From the line containing "Over 40,000 MT" to the last line of the listing, transcribe exactly and add nothing else; keep both ends and omit pictures.
Start of Exercise data
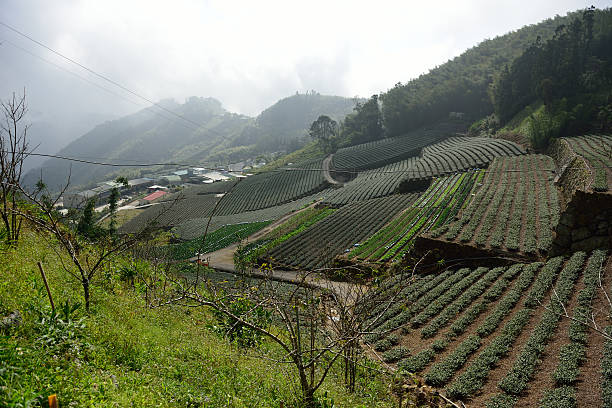istock Come to the tea farm quickly 516842536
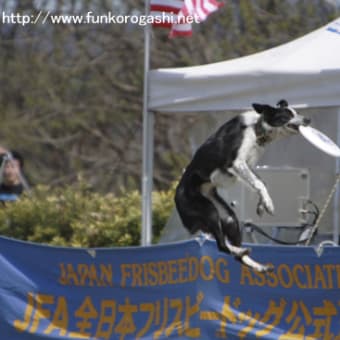 フリスビードック　ファイナル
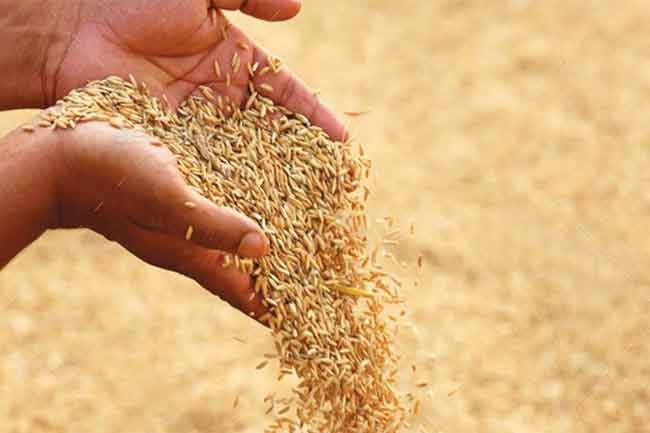 Over 40,000 MT of paddy purchased under govt program  PMB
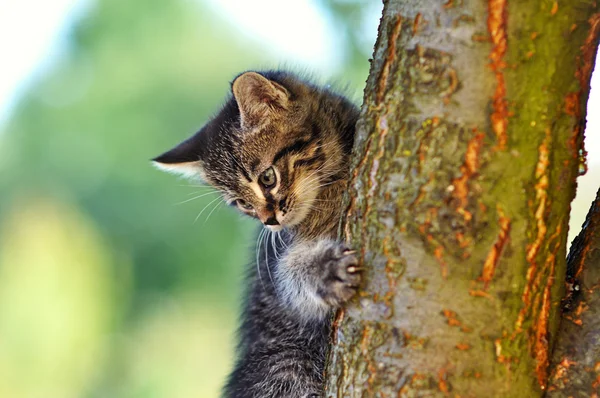 Gattino su un albero — Foto Stock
End of Exercise data
*Exercise output*:
 Over 40,000 MT of paddy purchased under govt program  PMB
 Gattino su un albero — Foto Stock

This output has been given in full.